+++ DATA IN THIS EXERCISE +++

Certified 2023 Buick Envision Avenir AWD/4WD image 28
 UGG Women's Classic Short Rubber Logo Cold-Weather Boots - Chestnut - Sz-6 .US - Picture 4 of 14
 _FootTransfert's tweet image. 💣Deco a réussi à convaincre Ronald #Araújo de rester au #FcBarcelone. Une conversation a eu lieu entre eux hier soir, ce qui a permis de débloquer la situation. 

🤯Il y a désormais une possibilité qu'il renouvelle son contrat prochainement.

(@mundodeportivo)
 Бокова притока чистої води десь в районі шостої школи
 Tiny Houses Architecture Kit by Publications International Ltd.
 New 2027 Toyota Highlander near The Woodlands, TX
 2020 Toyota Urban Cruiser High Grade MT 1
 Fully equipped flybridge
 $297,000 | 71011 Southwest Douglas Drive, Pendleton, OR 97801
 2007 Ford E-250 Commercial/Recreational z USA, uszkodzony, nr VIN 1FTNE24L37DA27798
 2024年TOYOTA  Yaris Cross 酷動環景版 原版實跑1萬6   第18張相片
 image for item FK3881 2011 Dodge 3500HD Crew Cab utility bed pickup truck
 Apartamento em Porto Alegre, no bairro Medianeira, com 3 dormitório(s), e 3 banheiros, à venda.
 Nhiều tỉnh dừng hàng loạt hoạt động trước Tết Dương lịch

+++

Set down all of the data above, word for word.

Certified 2023 Buick Envision Avenir AWD/4WD image 28
 UGG Women's Classic Short Rubber Logo Cold-Weather Boots - Chestnut - Sz-6 .US - Picture 4 of 14
 _FootTransfert's tweet image. 💣Deco a réussi à convaincre Ronald #Araújo de rester au #FcBarcelone. Une conversation a eu lieu entre eux hier soir, ce qui a permis de débloquer la situation. 

🤯Il y a désormais une possibilité qu'il renouvelle son contrat prochainement.

(@mundodeportivo)
 Бокова притока чистої води десь в районі шостої школи
 Tiny Houses Architecture Kit by Publications International Ltd.
 New 2027 Toyota Highlander near The Woodlands, TX
 2020 Toyota Urban Cruiser High Grade MT 1
 Fully equipped flybridge
 $297,000 | 71011 Southwest Douglas Drive, Pendleton, OR 97801
 2007 Ford E-250 Commercial/Recreational z USA, uszkodzony, nr VIN 1FTNE24L37DA27798
 2024年TOYOTA  Yaris Cross 酷動環景版 原版實跑1萬6   第18張相片
 image for item FK3881 2011 Dodge 3500HD Crew Cab utility bed pickup truck
 Apartamento em Porto Alegre, no bairro Medianeira, com 3 dormitório(s), e 3 banheiros, à venda.
 Nhiều tỉnh dừng hàng loạt hoạt động trước Tết Dương lịch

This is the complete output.